We don’t know a great deal about the internal structure of a black hole. Gravity has overcome all the electro-nuclear forces that we know hold atoms together, but this doesn’t mean that there is some as yet unknown physical process that prevents the collapse to a singularity.
So, how long does the black hole last? If Stephen Hawking is correct, black holes will slowly radiate away mass through a quantum mechanical processes involving ‘virtual particles’. A stellar mass black hole is expected to exist for a long long time, much longer than the age of our universe. Its difficult to comprehend how long; ~10^67 years compared to the age of the universe which is ~10^11 years.
However, virtual particles are a mathematical construct used to explain the properties of matter and the forces of nature on the smallest scales. This overall theory is very successful, one of the best tested theories that we have in science in fact, but the reality of virtual particles remains to be understood. They have never been directly ‘seen’ in an experiment since they can’t exist for a long enough period of time. If virtual particles are a reality then Hawking may be correct. But until we have a better understanding of quantum mechanics, or a detection of Hawking’s radiation, we can’t be sure that a black hole couldn’t last for eternity.
Cheers!
Ben

Planets in the habitable zone

Wednesday, April 13th, 2011

John A. writes,
“Finding all those exoplanets got me thinking – how many exoplanets with stable orbits (over millions of years) could there be in the habitable zone of a star? Expanding this question: Does the size/the type of the star change the size of the habitable zone and thus the number of exoplanets?”

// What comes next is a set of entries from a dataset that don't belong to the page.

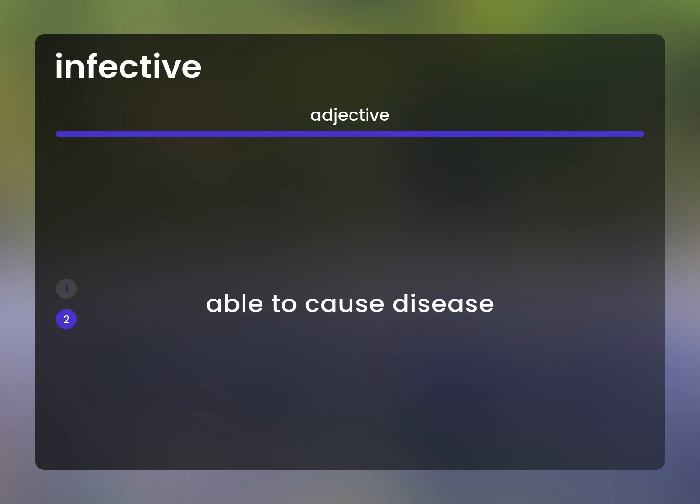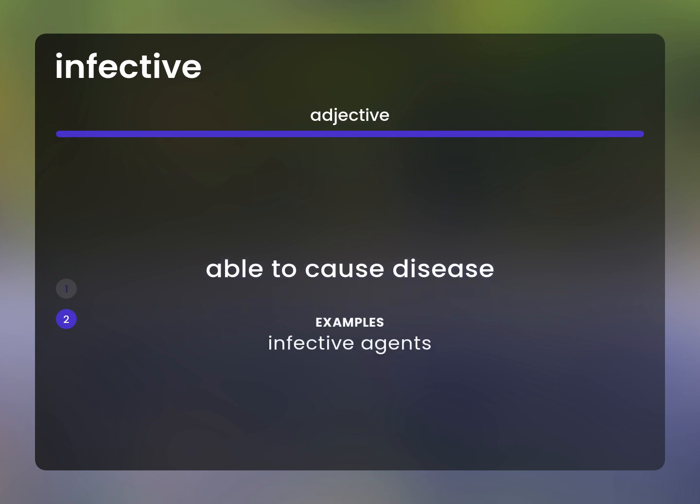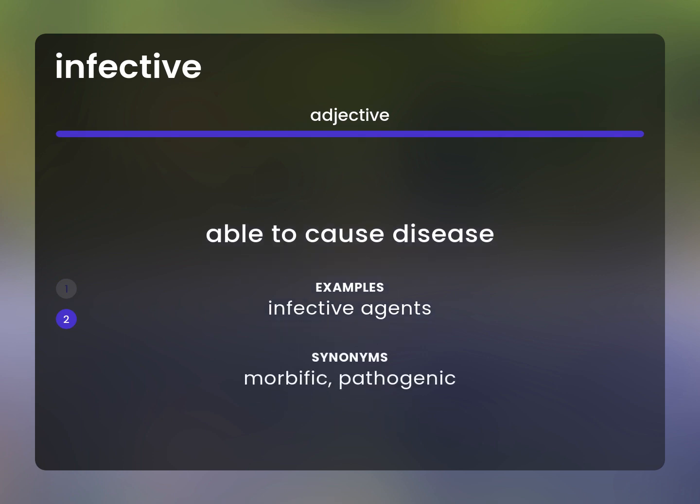Able to cause disease. Infective agents. Morbific. Pathogenic.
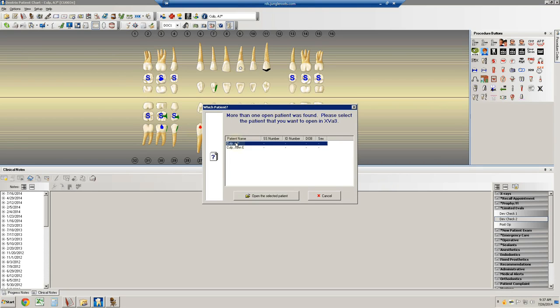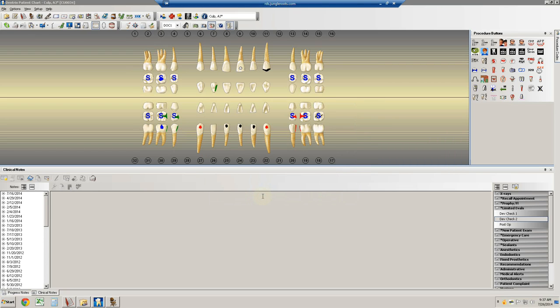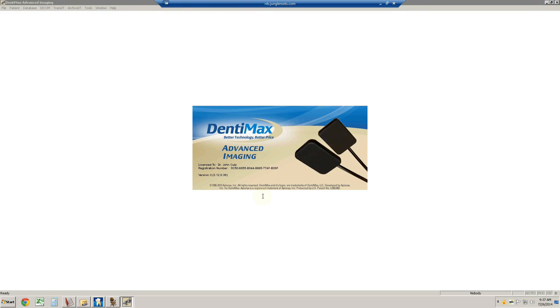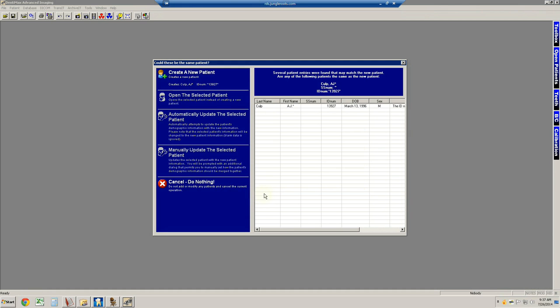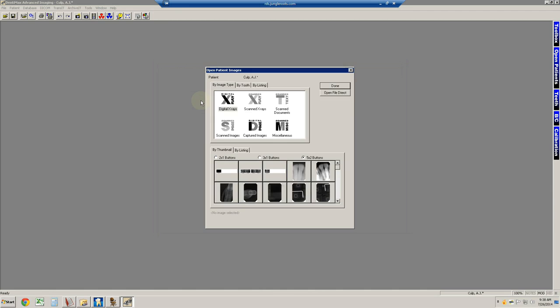If there's some possible confusion that the computer has based upon the person you're trying to select, it might ask you specifically, so you might have to verify via a birthday. But when you have the right person, you hit Open Patients, and the software will come up and demonstrate all X-rays. It's asking again. That happens sometimes. Selecting AJ Culp, and then open the Selected Patient, and this is the screen.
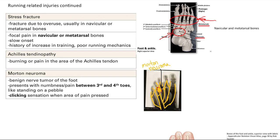Morton neuroma — if you break it down, it's a neuroma, a benign tumor of the nerve. Specifically, it's located in the foot between the third and fourth toes. That tumor causes compression leading to numbness and pain in that specific area. Patients often describe it as feeling like they're standing on a pebble. There's also a classic clicking sensation when that area is pressed. Remember: symptoms are between the third and fourth toes.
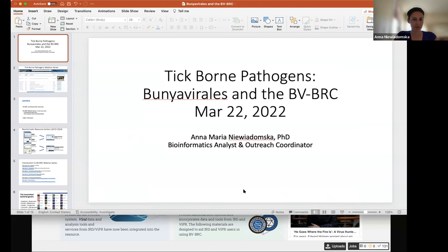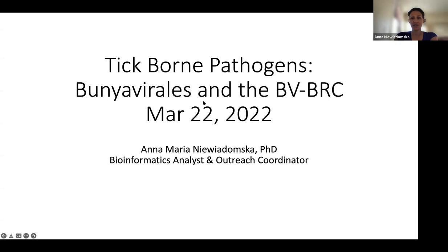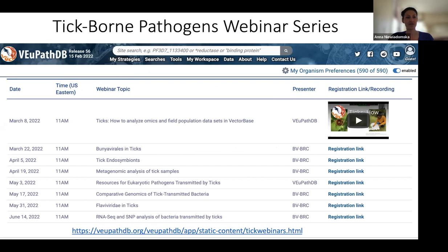Since we're a little behind, I think I'm just going to jump right in. Thank you so much, everyone who's attending today. This is the second of our talks on tick-borne pathogens. Today I'll be talking to you about Bunyavirales and how you can search for data and analyze them in the Bacterial and Viral Bioinformatics Resource Center. My name is Anna Maria Niewidomska, and I'm a bioinformatics analyst and outreach coordinator — Omar's counterpart at the BVBRC — and I focus on viruses.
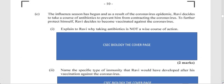A current exam topic: coronavirus. The scenario states that influenza season has begun and, as a result of the corona epidemic, Ravi decides to take a course of antibiotics to prevent him from contracting the coronavirus. To further protect himself, Ravi decides to become vaccinated against the coronavirus. The question: explain to Ravi why taking antibiotics is not a wise course of action.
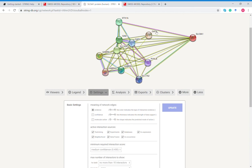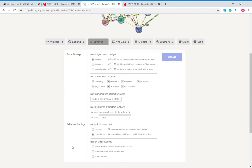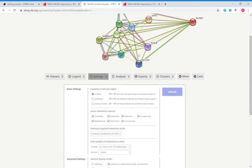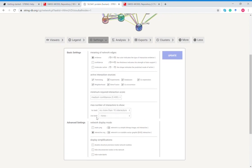You can change some things around, so you can change the lines by evidence, confidence, or molecular action. Confidence just shows you if the line is darker or thicker, it's more level of confidence that protein interacts with a different protein. Then molecular action, the line shape indicates predicted mode of action. This is all the resources that it is modeling this protein after.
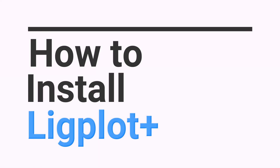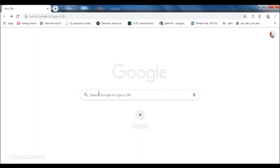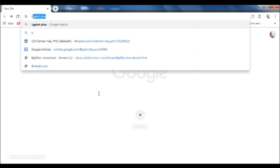As-salamu alaykum everyone. In this tutorial we will talk about how to install LigPlot Plus in your Windows operating system. This is a picture which you want to take from LigPlot — these are different interactions between two protein structures.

The habitable zone around a star is the region at which a planet can orbit without its surface water freezing or boiling away. It’s quite a narrow zone – if our Earth were 10% closer to the Sun our oceans would boil away, if it were about 50% further away the oceans would freeze. However, this doesn’t mean that life could not evolve in other places, such as within Enceladus, the moon of Saturn which lies well outside the habitable zone. The icy surface of Enceladus hosts an interior ocean of warm water that is prevented from freezing by internal radioactivity and gravitational squeezing by Saturn.

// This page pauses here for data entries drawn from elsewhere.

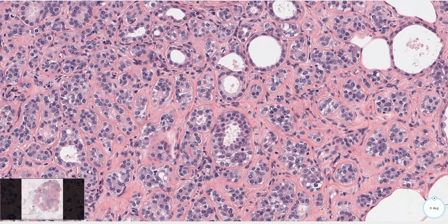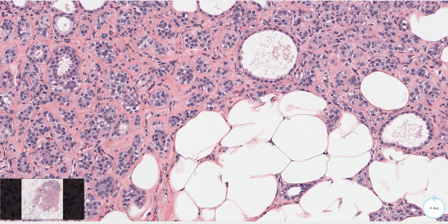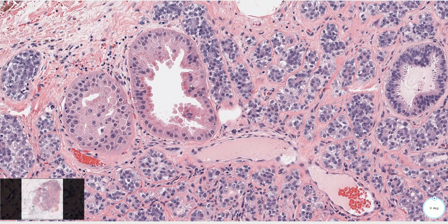The myoepithelial cells are typically localized in the periphery of the cellular nest, but sometimes they can be intermingled between the epithelial cells. Here we have entrapped adipocytes, and apocrine metaplasia is also quite commonly seen in these tumors, as we can see here.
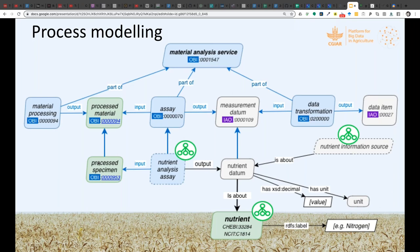We begin with a specimen of some kind — a processed material — and apply a testing assay, in this case a nutrient assay. The output of that testing assay is a datum, and it can be transformed into other kinds of data and statistics. We're aiming to apply this level of modeling to the nutrition component of food as well.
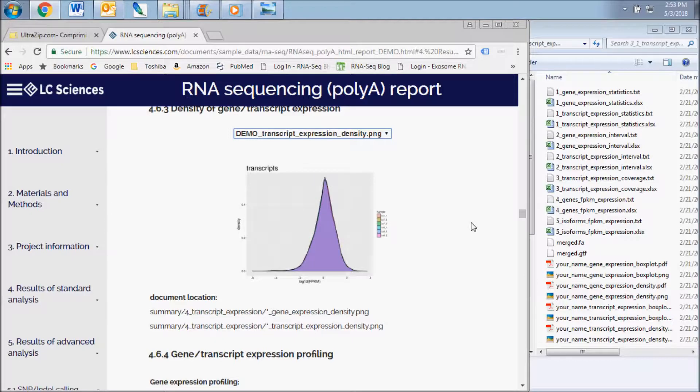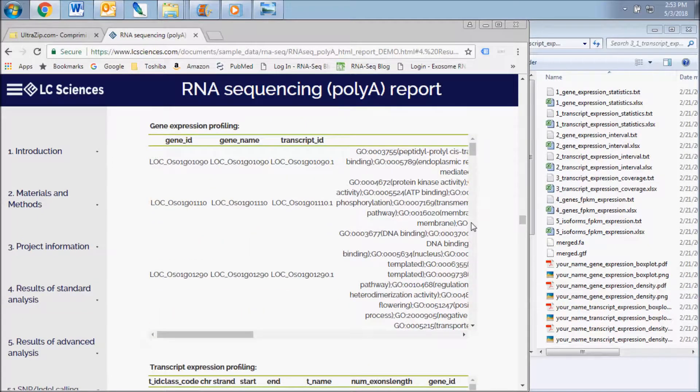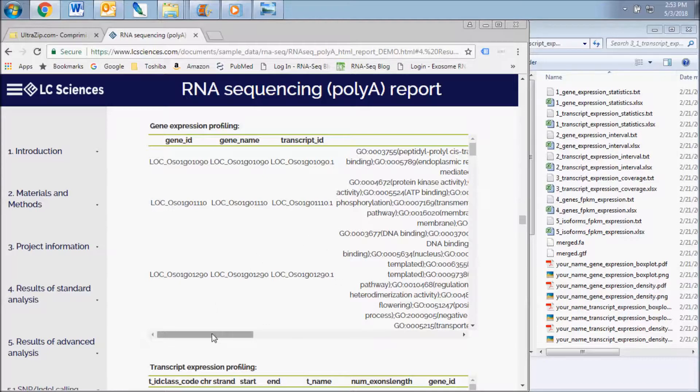The next two charts, Gene and Transcript Expression Profiling, present the FPKM expression values for each individual gene and transcript sequenced for each sample.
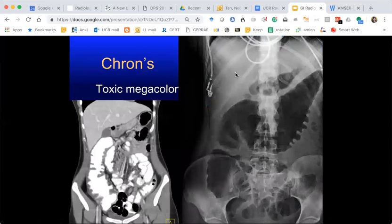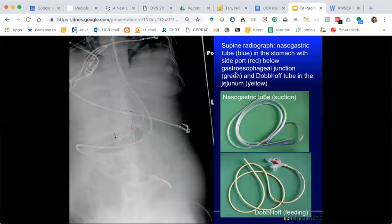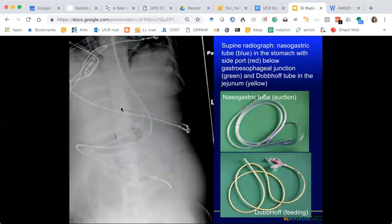What is the side port? The side port of the NG tube is the last hole — there's a radiopaque marker intentionally placed so we can see where the tube is, and the gap is the last hole. You can usually tell where it is in patients with good quality radiographs, though sometimes it's hard when there's a lot going on.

Our computer simulations show that almost ever star should have about one planet in the habitable zone. For the details see here: http://adsabs.harvard.edu/abs/2010Icar..207..517M
There is rarely more than one planet in this region since they would be orbiting quite close together and perturb each other over long timescales. Most of the ~50 billion stars in our galaxy have a mass not too different from our Sun, so there should be plenty of life in our Galaxy.

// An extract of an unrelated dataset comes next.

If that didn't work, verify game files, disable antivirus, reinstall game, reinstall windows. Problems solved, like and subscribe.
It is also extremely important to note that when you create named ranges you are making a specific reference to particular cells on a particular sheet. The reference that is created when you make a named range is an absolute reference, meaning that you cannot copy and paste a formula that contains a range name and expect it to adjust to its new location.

How far away can we detect a 1km object

Wednesday, April 13th, 2011

Hal M. asks,
“I was wondering how close would an object approximately 1 km in length have to be before it could be detected by our most powerful/far-reaching telescope?”

If you are asking, “how far away could you detect a 1km object?”, this depends on its brightness, or how many photons it emits or reflects. In principle, you can detect a 1km object at the edge of our visible universe if it is bright enough, although it would appear as a point in space. The edge of the universe is not really an edge, its just the distance that light has traveled in the age of the universe. Since space is stretching over this time (13.7 billion years) the furthest you can possibly detect an object is about 50 billion light years.

If you are asking, “how far away can you resolve a 1km object?”, then take the resolving power of the Hubble Space Telescope as an example. It has a resolution of about 0.1 arcseconds, so it could resolve and measure a 1 km object that is about 4 million km away. It could resolve a 100 meter object on the surface of the Moon. Technically, the answer also depends on the wavelength of the light that you are observing.